La grosse action se déroule sur l'Aisne et dure, maintenant, depuis plus de huit jours. Nous conquérons le terrain pied à pied. Nous avons ainsi, malgré la résistance acharnée de l'ennemi, contraint d'amener des renforts de Lorraine, occupé tour à tour toutes les hauteurs de la rive droite de l'Aisne, gagnant vers l'Oise et Noyon, et pris pied sur le plateau de Craonne.
Dans l'Argonne, le kronprinz accentue son mouvement de retraite.
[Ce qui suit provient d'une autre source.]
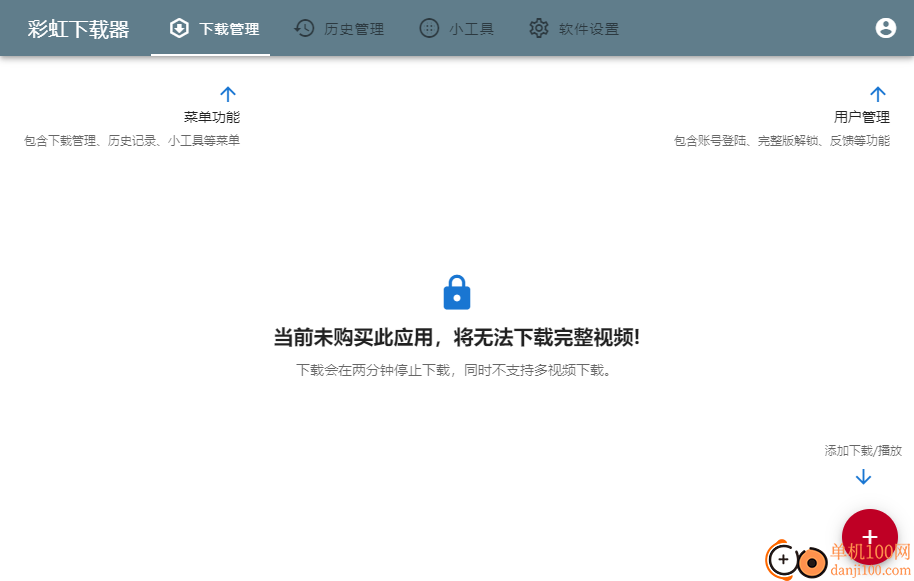 彩虹视频下载器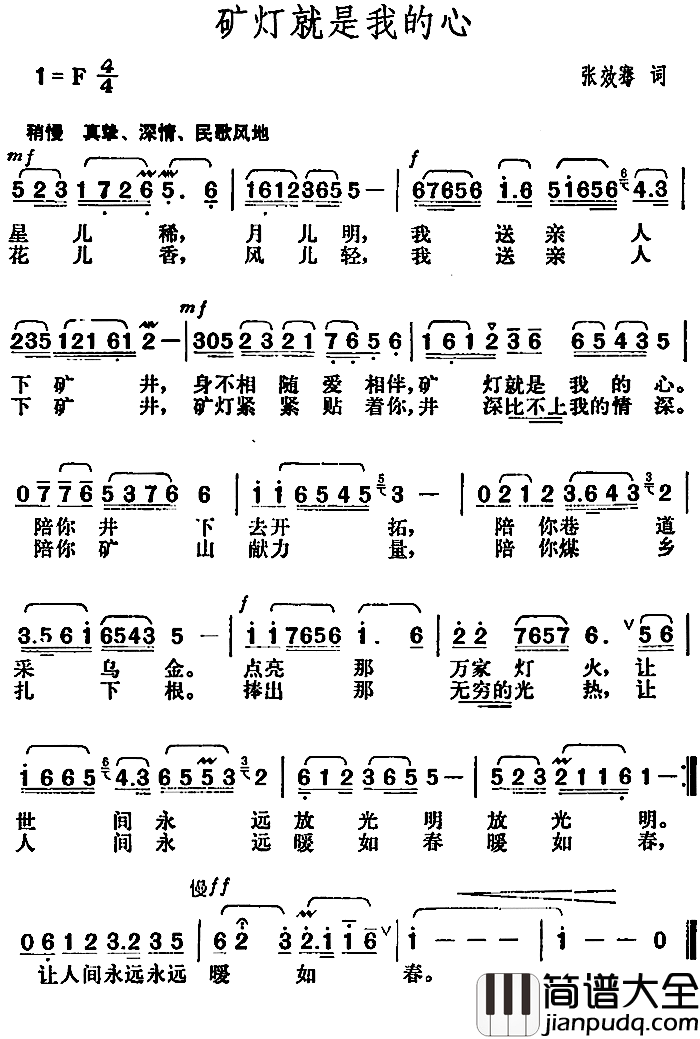 矿灯就是我的心简谱_张效骞词/胡俊成曲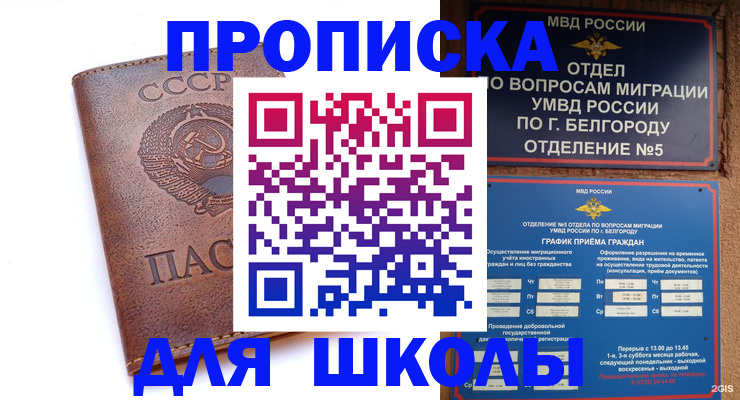 временная регистрация недорого в Новосибирске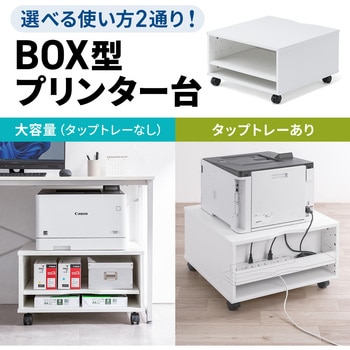 プリンタスタンド サンワダイレクト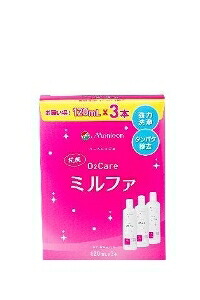 6～10個書き割り まとめ買いメニコン 抗菌O2世話をする 粉砕機ファ  120ml×3本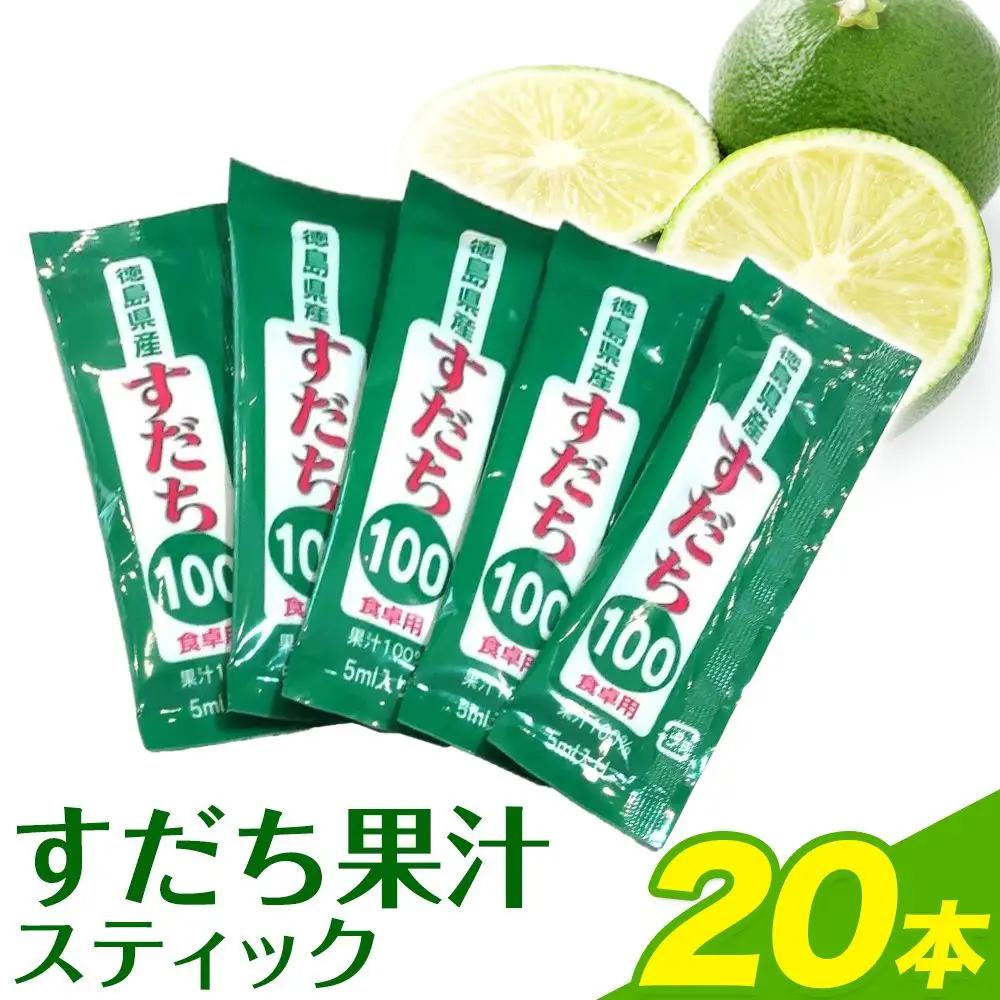 すだち果汁スティック  20本 JA徳島市農産工場《30日以内に出荷予定(土日祝除く)》│すだちすだちすだち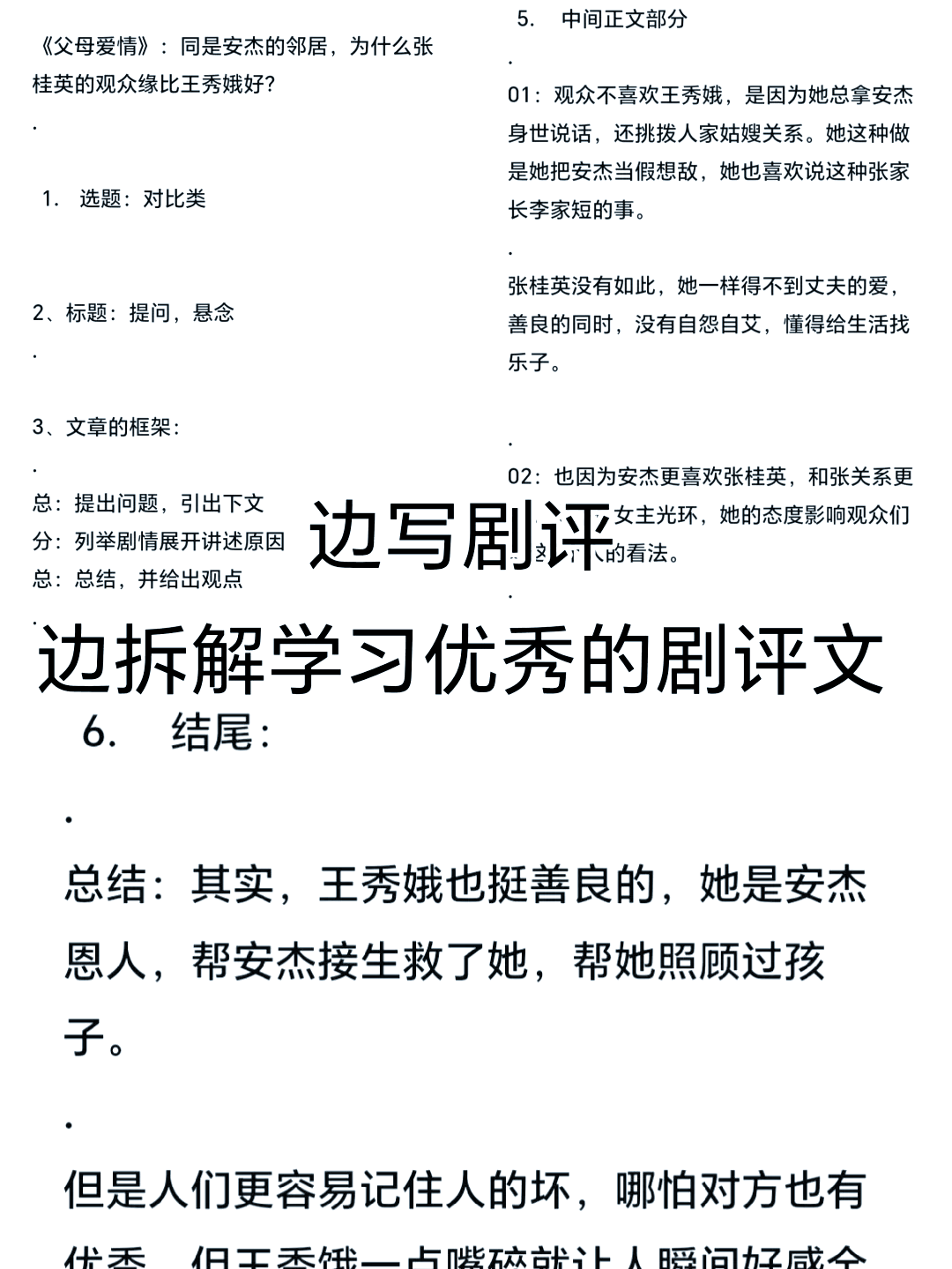 父皇爹爹的娇闺女中的配角发展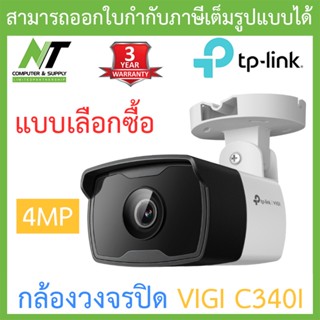 TP-Link กล้องวงจรปิด VIGI 4MP Outdoor IR Bullet Network Camera รุ่น VIGI C340I BY N.T Computer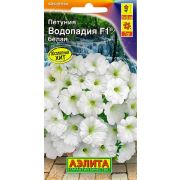 Петуния Водопадия Белая F1 7шт.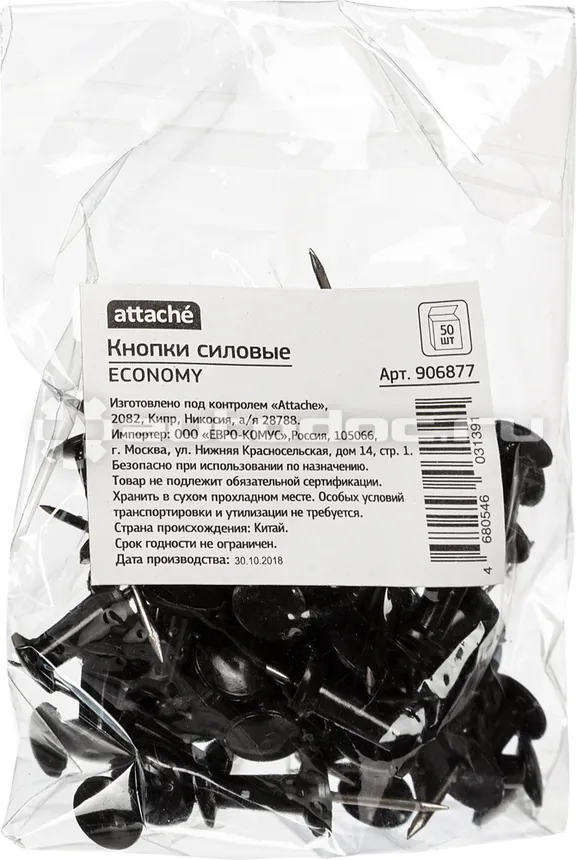 ATTACHE Кнопки для пробковых досок силовые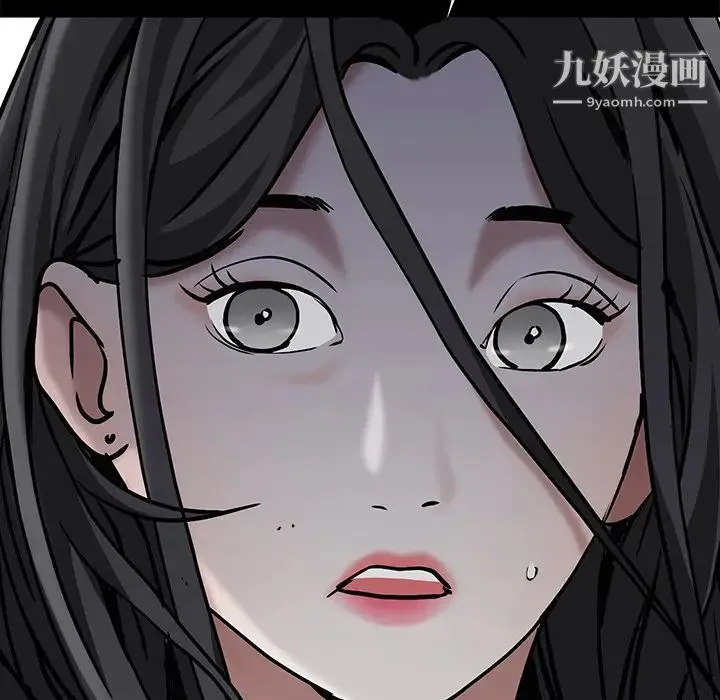 枷锁 第56话 第182页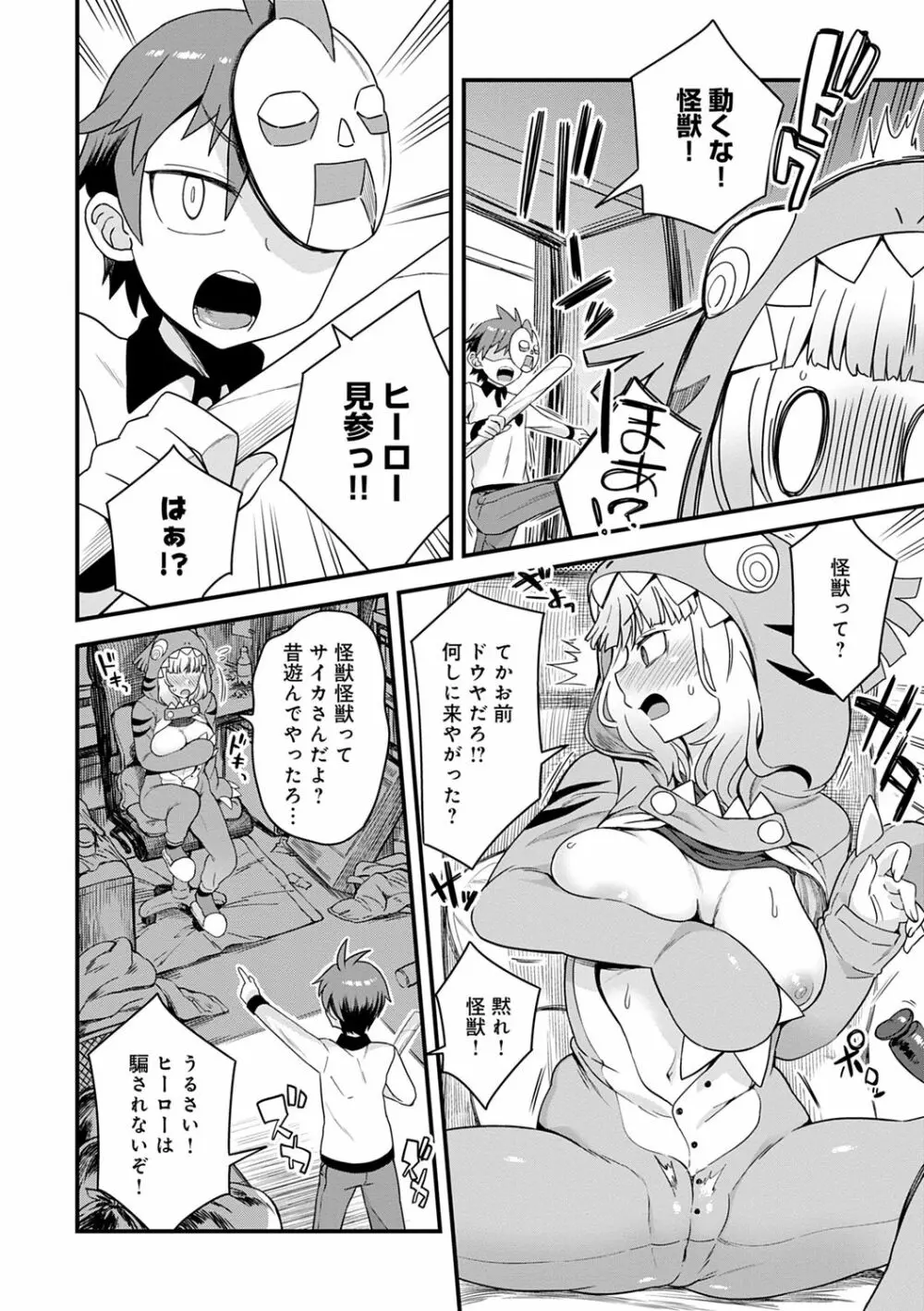 私色のオトコノコ Page.118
Nous avons réoccupé Souain, puis Mesnil-les-Hurlus, puis Massiges.
En Woëvre, malgré ses efforts violents, l'ennemi n'a pu s'emparer des «Hauts de Meuse».
A notre droite, de petites colonnes allemandes ont de nouveau franchi la frontière et réoccupé Domèvre, près de Blamont.
Mais évidemment le plus haut fait de la semaine est, pour les Prussiens, le bombardement de la cathédrale de Reims, acte de basse vengeance, de colère et de haine, «acte allemand», selon l'expression inoubliable d'un journal anglais.
En Belgique, les Allemands continuent d'être harcelés sans trêve et sont obligés de demeurer en force.
En Galicie, les Russes poursuivent leurs avantages, traquant les arrière-gardes autrichiennes et les décimant. Le dernier communiqué de Pétrograd annonce que les ouvrages de Jaroslaw ont été enlevés et que Przemysl, sur le San, est en train d'être investi. Cracovie est ainsi menacée.
Dans la Prusse orientale, les forces russes se replient en bon ordre pour se reformer.
Enfin, on signale une importante victoire des Serbes près de Kroupagné, sur la Drina, après une bataille de plusieurs jours.